9. Now, a file named registration.yaml should be in the directory. Move this file to appservices/ in the Synapse directory (or check your Matrix server’s documentation for where to put this file). If appservices/ doesn’t exist, create it. I would also suggest renaming it something more descriptive, such as mautrix-signal-registration.yaml.

   mv registration.yaml /path/to/synapse/appservices/mautrix-signal-registration.yaml
   

10. In the Synapse directory, edit the homeserver.yaml file. Under app_service_config_files, add the path to the registration file. If running in Docker, it should look similar to the following.

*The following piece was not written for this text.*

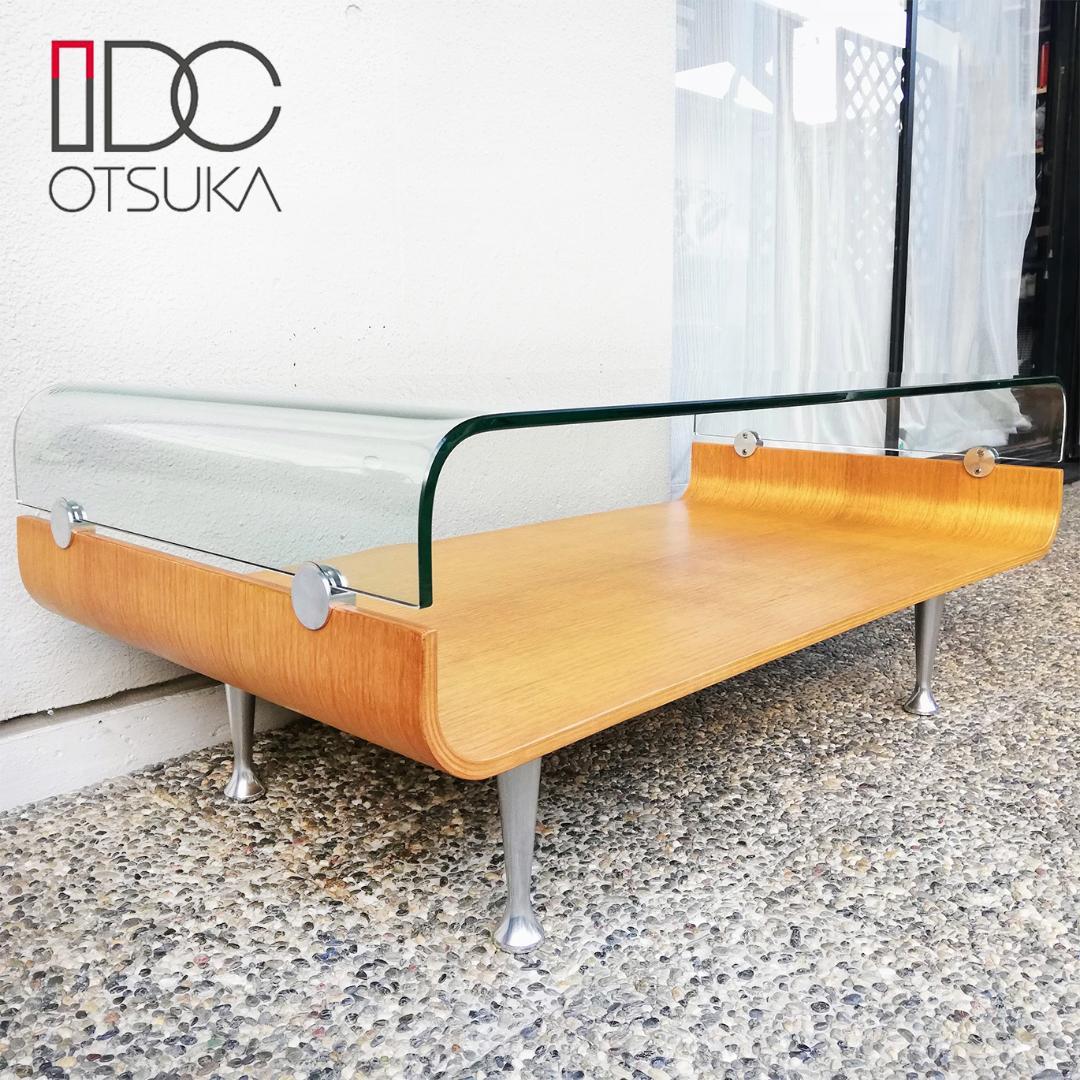 希少 IDC大塚家具 ミラージュ ガラス センターテーブル ミッドセンチュリー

    app_service_config_files:
            - /data/appservices/mautrix-signal-registration.yaml    
    

11. Now, back in signal-matrix-bridge/, run the following command to start the container.

    docker-compose up -d
    

12. If everything went well, you should be able to see the bridge in the Synapse admin interface. Message @signalbot:matrix.example.com to login.

Viability

As I’ve stressed multiple times, this is a simple bridge. It’s not the most secure, nor is it the most efficient. However, it’s a good starting point. I’ve been using it for a few weeks now and it’s been working well. I’ve been able to send messages from Signal to Matrix and vice versa. One of the best features of this bridge is that it allows you to access Signal from any device with a Matrix client. Thus, you can access it through a web browser or a terminal - something that isn’t possible with the official Signal client. In addition, if you have multiple phones, you can use the same Signal account on both.
I don’t recommend using this bridge for anything mission-critical. I was able to setup this bridge in a nearly identical manner and it works. However, I recommend looking through the documentation and doing some research before setting up a bridge for anything important.